● **Work task**
Write out, word for word, the part of the listing below that opens with the line containing "Guantes De Trabajo, 1" and closes with the line containing "Tarzan of the", keeping both of those lines and adding no others.

● **Study material**
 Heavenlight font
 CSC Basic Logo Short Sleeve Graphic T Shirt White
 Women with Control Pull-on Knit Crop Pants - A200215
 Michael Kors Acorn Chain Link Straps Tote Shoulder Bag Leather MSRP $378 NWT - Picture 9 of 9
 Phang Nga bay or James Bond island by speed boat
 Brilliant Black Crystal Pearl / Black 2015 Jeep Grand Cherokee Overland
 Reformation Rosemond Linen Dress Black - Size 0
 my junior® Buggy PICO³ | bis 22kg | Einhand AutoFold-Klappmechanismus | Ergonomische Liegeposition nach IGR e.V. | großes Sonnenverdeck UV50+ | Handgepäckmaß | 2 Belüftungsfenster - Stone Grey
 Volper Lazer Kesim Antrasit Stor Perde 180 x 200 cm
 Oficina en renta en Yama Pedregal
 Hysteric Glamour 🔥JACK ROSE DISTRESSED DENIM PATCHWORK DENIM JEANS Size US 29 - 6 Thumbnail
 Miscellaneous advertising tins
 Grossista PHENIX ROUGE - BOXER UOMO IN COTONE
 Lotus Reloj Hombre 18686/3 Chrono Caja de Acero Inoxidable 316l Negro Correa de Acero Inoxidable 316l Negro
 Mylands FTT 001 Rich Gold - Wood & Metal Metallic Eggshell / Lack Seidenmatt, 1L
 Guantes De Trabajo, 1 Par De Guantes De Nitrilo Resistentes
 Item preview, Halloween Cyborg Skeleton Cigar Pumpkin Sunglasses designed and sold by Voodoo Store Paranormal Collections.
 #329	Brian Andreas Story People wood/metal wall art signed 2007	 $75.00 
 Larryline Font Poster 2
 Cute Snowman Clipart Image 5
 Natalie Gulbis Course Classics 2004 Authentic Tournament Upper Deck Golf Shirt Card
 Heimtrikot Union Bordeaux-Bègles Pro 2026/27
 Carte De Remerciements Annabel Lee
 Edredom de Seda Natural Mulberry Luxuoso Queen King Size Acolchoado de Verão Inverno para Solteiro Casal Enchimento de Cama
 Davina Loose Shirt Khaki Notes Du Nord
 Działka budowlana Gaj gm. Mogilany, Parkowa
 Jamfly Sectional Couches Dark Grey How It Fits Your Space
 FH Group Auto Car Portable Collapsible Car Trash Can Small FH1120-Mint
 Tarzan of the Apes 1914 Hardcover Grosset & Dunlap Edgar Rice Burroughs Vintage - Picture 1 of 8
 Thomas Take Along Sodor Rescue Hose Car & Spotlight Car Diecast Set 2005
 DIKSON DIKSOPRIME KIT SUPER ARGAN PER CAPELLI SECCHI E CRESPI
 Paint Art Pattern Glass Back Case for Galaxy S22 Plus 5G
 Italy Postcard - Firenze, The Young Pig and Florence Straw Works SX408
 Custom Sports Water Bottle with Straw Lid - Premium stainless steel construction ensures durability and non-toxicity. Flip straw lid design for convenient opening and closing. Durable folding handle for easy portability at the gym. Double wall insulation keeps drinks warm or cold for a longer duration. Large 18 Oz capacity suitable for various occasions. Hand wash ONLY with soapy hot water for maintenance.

● **Response**
 Guantes De Trabajo, 1 Par De Guantes De Nitrilo Resistentes
 Item preview, Halloween Cyborg Skeleton Cigar Pumpkin Sunglasses designed and sold by Voodoo Store Paranormal Collections.
 #329	Brian Andreas Story People wood/metal wall art signed 2007	 $75.00 
 Larryline Font Poster 2
 Cute Snowman Clipart Image 5
 Natalie Gulbis Course Classics 2004 Authentic Tournament Upper Deck Golf Shirt Card
 Heimtrikot Union Bordeaux-Bègles Pro 2026/27
 Carte De Remerciements Annabel Lee
 Edredom de Seda Natural Mulberry Luxuoso Queen King Size Acolchoado de Verão Inverno para Solteiro Casal Enchimento de Cama
 Davina Loose Shirt Khaki Notes Du Nord
 Działka budowlana Gaj gm. Mogilany, Parkowa
 Jamfly Sectional Couches Dark Grey How It Fits Your Space
 FH Group Auto Car Portable Collapsible Car Trash Can Small FH1120-Mint
 Tarzan of the Apes 1914 Hardcover Grosset & Dunlap Edgar Rice Burroughs Vintage - Picture 1 of 8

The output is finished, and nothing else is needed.